A member of the Haslam College of Business faculty since 1989, Robert Mee is the William and Sara Clark Professor of Business Analytics and teaches statistics courses for undergraduate, graduate and doctoral students, as well as a popular first-year studies course called “The Question of God.”
In 2016, Mee applied to teach at Nankai University in Tianjin, China, through China’s Thousand Talents program. A former student had told him about the opportunity.
“Through this program, China funds faculty from overseas to work either part-time or full-time in China,” he says. “I’d visited Nankai University previously and had a few connections there.”
Mee was accepted and began a three-year contract for part-time teaching and researching at Nankai, which has a growing statistics program.
“I went for one month in 2017, and this year I was there for two months,” he says. In 2018, Mee taught a one-credit class titled “Experimental Design Augmentation.”
“Teaching for two weeks facilitated connections with Ph.D. students and led to some shared research with faculty and students,” he says.
Mee is co-chair for the next Design and Analysis of Experiments (DAE) Conference, which will be hosted at the Haslam College of Business in October 2019. The DAE Conference series began in 2000; UCLA hosted in 2017.
“We’re really excited about this event. Each session is designed to have one senior person, one mid-career person, and one either Ph.D. student or recent graduate,” Mee says.
The conference sponsors Ph.D. students who want to come and will draw 80–100 attendees from across the country.
“The best way to build design of experiments as a research field is by including Ph.D. students in such a conference.”
“It’s certainly a good time for the department, and we are looking forward to hiring several new faculty members,” he says. “We need that to support growth of the MSBA and the undergraduate analytics program.”
Mee is thrilled that the MSBA program received the 2018 UPS George D. Smith Prize from INFORMS, the leading international association for operations research and analytics professionals.
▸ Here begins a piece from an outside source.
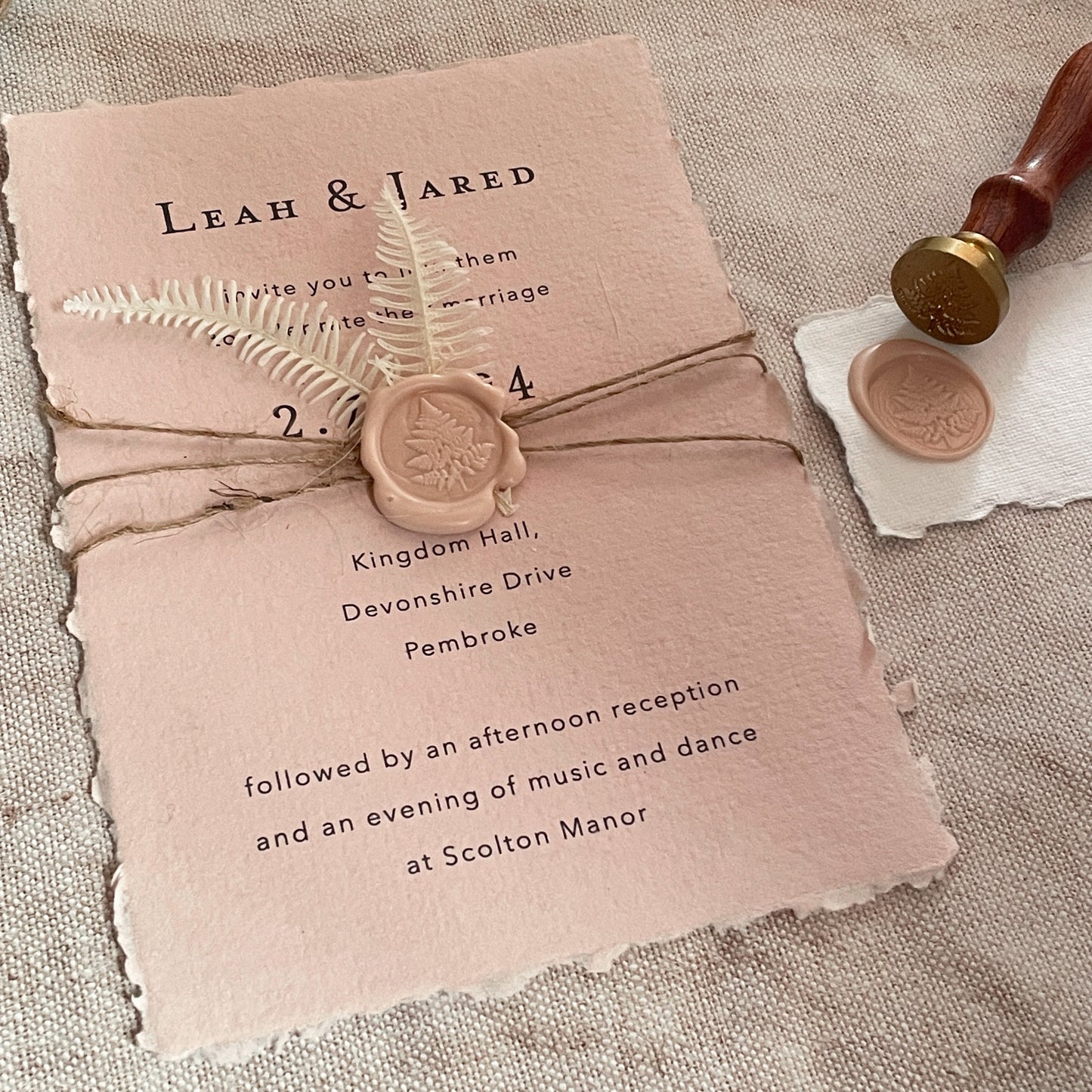 Easy DIY wedding invitation made from handmade paper, a fern leaf wax seal and jute string. Eco friendly wedding invitations. By The Natural Paper Company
“Masters in business analytics have only developed over the last decade; because they’re new, they’re not yet in U.S. News & World Report or other widely recognized rankings,” he says. “Universities compete for the Smith Prize, which is awarded for excellence in preparing analytics practitioners. Winning this award brings well-deserved recognition to UT’s MSBA and will increase the number of applicants and employers coming to UT.”